## EXERCISE PROMPT
Although the records contain pictures, print none of them; print exactly the lines from the one with "2021 GMC Yukon" through the last line.
——————
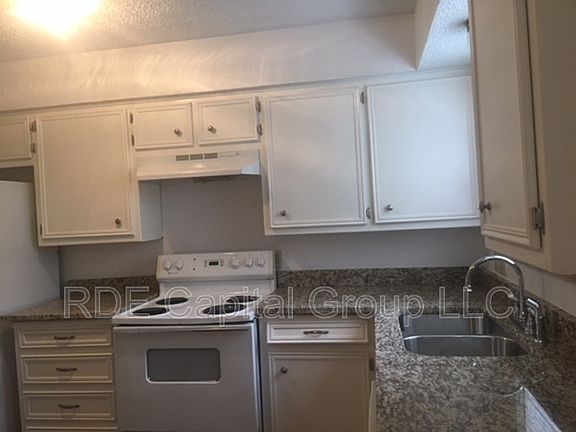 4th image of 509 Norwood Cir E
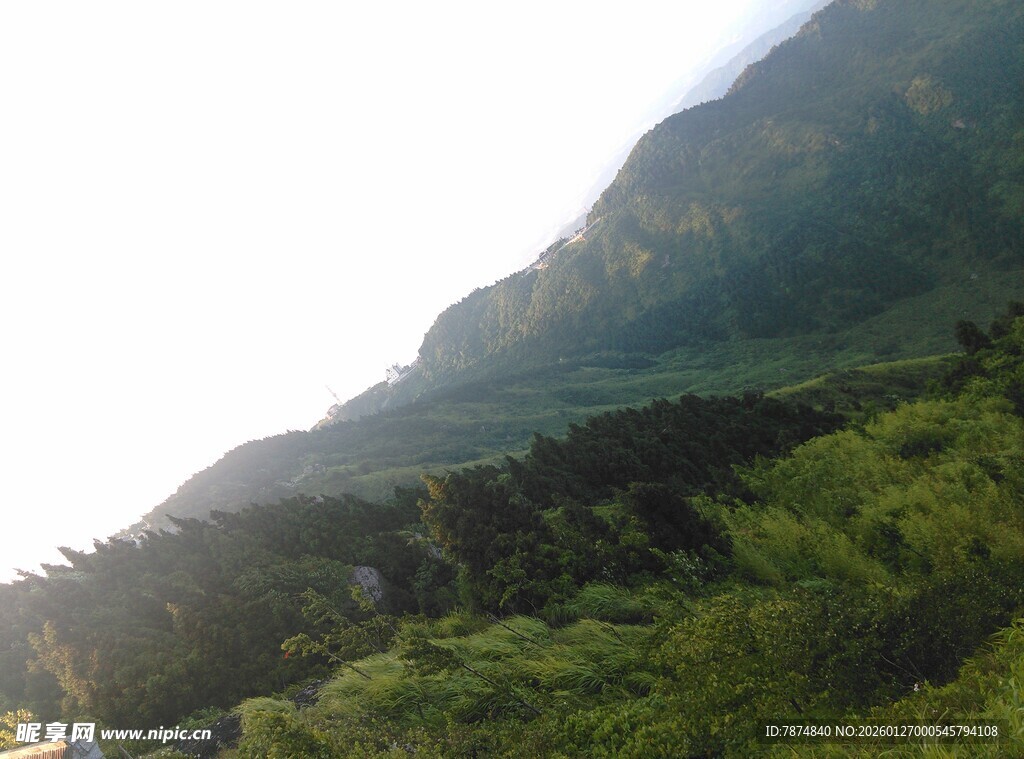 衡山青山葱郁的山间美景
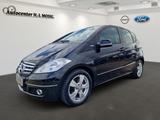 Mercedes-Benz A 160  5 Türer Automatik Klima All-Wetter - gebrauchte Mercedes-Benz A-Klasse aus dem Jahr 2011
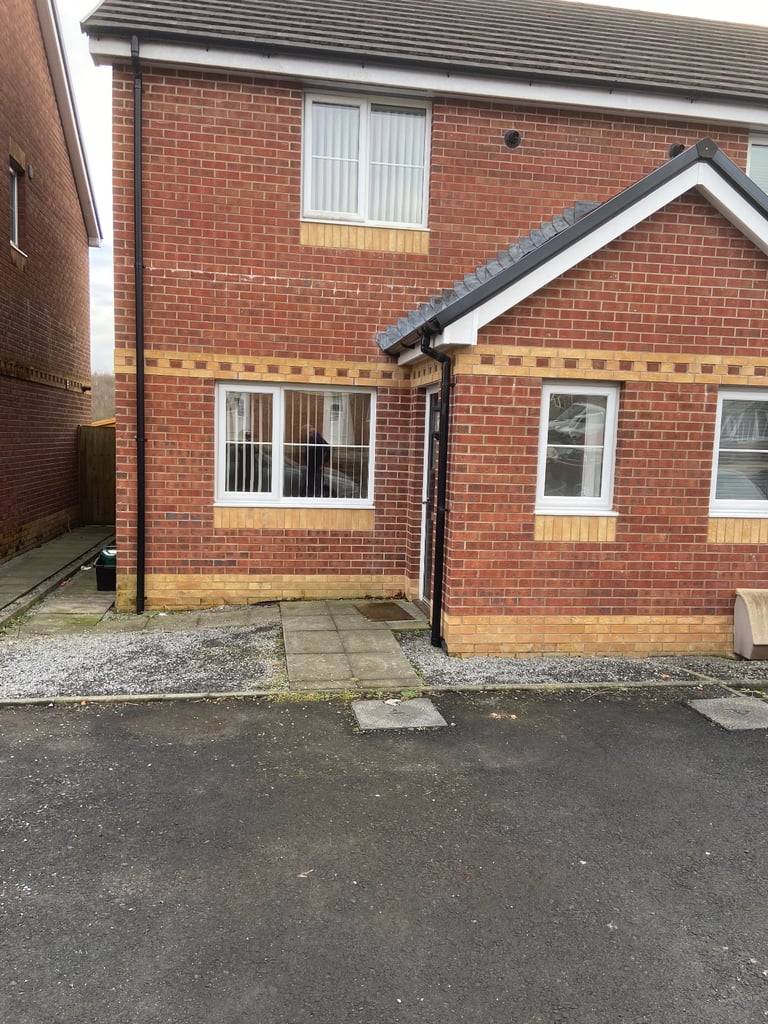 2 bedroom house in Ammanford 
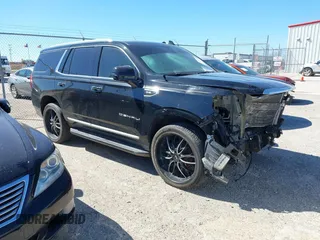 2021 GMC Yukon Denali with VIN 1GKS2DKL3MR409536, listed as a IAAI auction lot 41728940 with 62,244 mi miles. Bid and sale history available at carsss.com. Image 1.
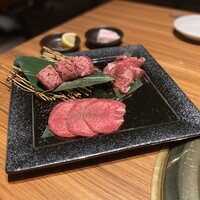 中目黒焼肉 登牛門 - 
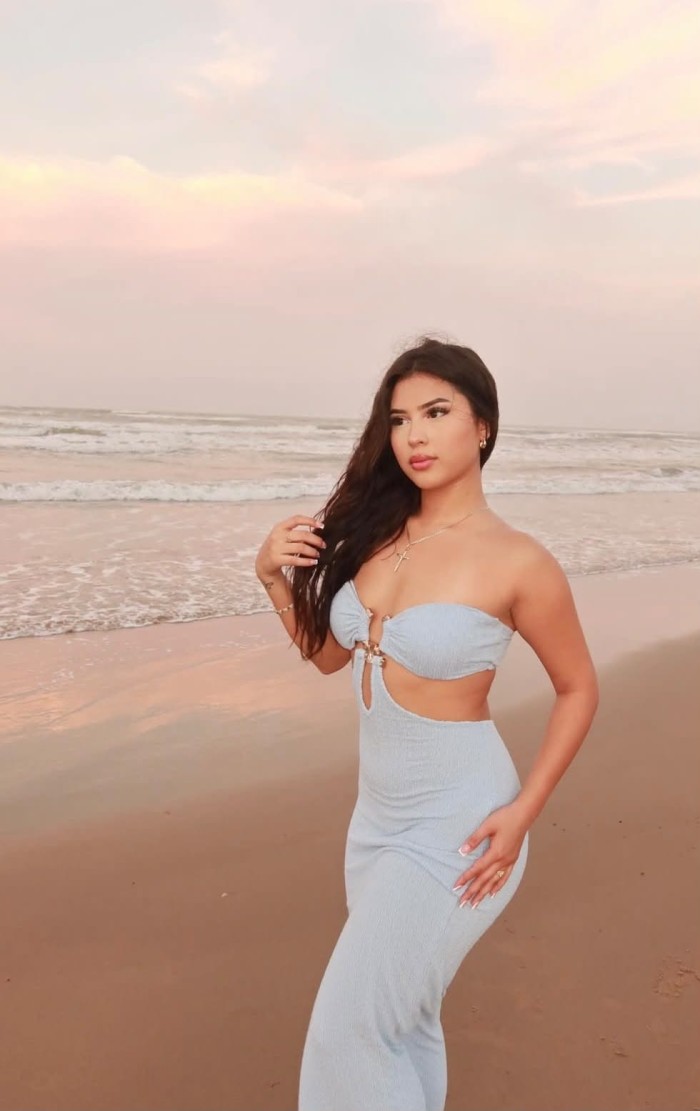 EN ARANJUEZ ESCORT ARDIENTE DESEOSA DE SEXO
——————
## WRITTEN REPLY
 2021 GMC Yukon Denali with VIN 1GKS2DKL3MR409536, listed as a IAAI auction lot 41728940 with 62,244 mi miles. Bid and sale history available at carsss.com. Image 1.
 中目黒焼肉 登牛門 - 
 EN ARANJUEZ ESCORT ARDIENTE DESEOSA DE SEXO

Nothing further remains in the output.